Price: MSRP $34.95

Media: limited-run injection-molded plastic with cast-resin cockpit interior

Decals: Aeromaster sheet - 1 French Air Force P-63C in Indochina, 1949

Accuracy: B+

Overall: C-

Review and Photo by: Thomas McKelvey Cleaver (THE AERONUT)

Date of Review: 5 January 1998

The P-63 Kingcobra was developed from the P-39 Airacobra, and began life as the P-39E, a version with a laminar-flow wing. The aircraft, while outperforming its predecessor, did not offer sufficient performance compared with the Mustang to see it adopted in front-line service by the U.S.A.A.F., though some 200 P-63A and P-63C models were converted to the RP-63G "flying target" to train aerial gunners firing frangible bullets at the armored airplane. The Russians, who loved the P-39, couldn't get enough of the P-63, and the overwhelming majority of these aircraft went to the Soviet Union under Lend-Lease. Approximately 100 also went to the French Air Force during the war and were retained in service until 1950.

I was interested when this model appeared, as the P-63 is a good-looking airplane, and historically-significant. I have used Hi-Tech conversion parts for a P-51B from the A-M P-51A (obviously prior to Tamiya's release of the B) and for a conversion of Mauve P-40Ms to P-40F and P-40E. I looked forward to doing it.
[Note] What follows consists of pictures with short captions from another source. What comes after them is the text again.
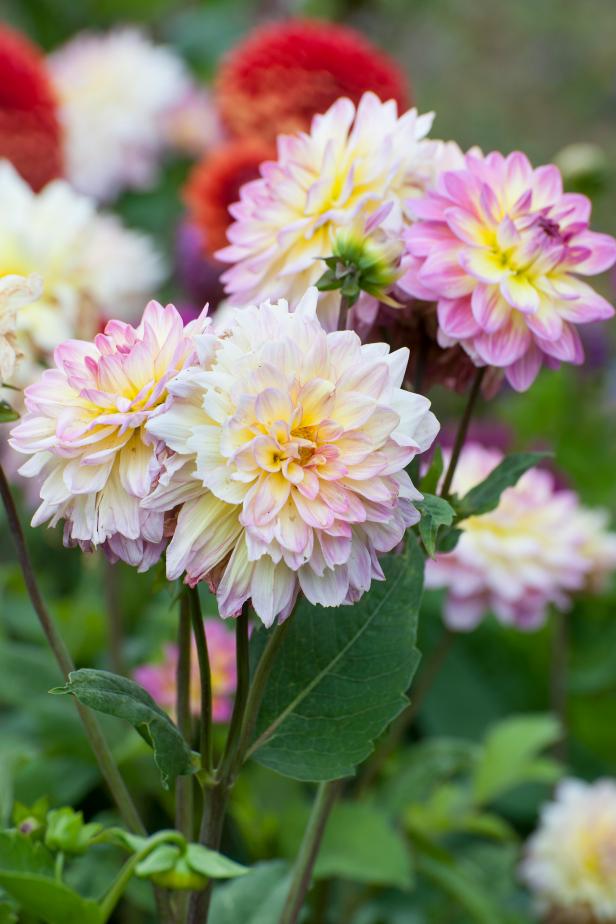 How to Grow Dazzling Dahlias | DIY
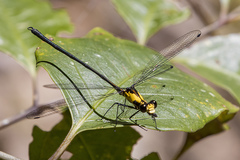 Austroargiolestes aureus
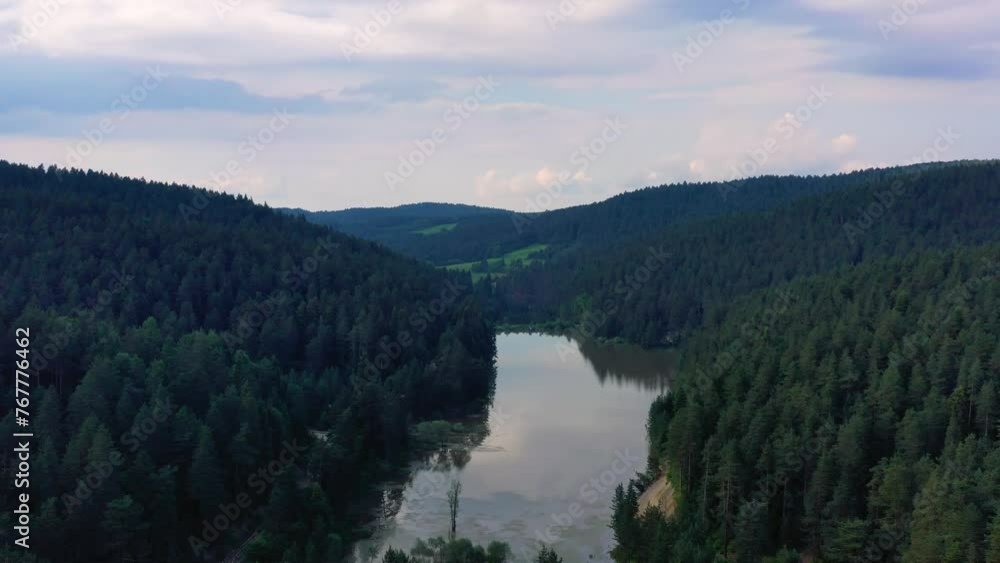 Aerial view of a lake in the pine forest with mountains. Aerial view of a lake in the pine forest with mountains.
Given that there was to be only a 1,000-kit release, it seemed like something different and interesting.

The Chinese have an old curse, "may you live in interesting times," and that is pretty much what happened to me with this kit. Now that I see there is a further release of this thing, I believe you should have the benefit of my having lived through it.

For starters, the wings are in upper and lower halves, molded solid, and you must take off approximately 1/32 of the entire inner surface to get the wings thin enough to fit the rest of the model and look halfway realistic. The same is true of the lower center section. In fact, almost every part of this model except the horizontal stablilizers needs thinning before construction. And then one nearly needs to coat every joint in putty to get something that looks halfway like an airplane.

To top it off, the vacuform canopy is undersized, and you only get one. I had to take separate plastic and hand form it to make the rear section of the canopy, use plastic card for the section over the turnover/armor glass - which also had to be rebuilt - and had to open both doors to keep the casual observer from seeing just how bad the misfit of the canopy was. The one other solution to this would be to make an RP-63G, using a solid rear canopy section, which would be easier to make. The one saving grace is that the cast-resin cockpit was good, so there is something to look at inside those doors.

The end result does look like a Kingcobra. The Aeromaster decals are up to their usual quality, and create a P-63C used in 1949 in the First Indochina War. I used 75-gallon drop tanks from the spares box to add to the overall look, and made certain to do the natural metal finish as dull as it would be in a tropic climate.

This is one of those models, like the HiPM SB2U Vindicator and Classic Airframes SBC-4 Helldiver that look good in the end, but were more work than I would do again to accomplish. The only current alternative to this kit, the P-63C released by MPM, is even worse according to reviews I have read. Given that HiPM has gone from awful (the SB2U) to bad (the AR-196) to pretty darned good (the He-100D), perhaps they will still be on that upward curve when they release their P-63A later this year. I certainly hope so! You have been warned.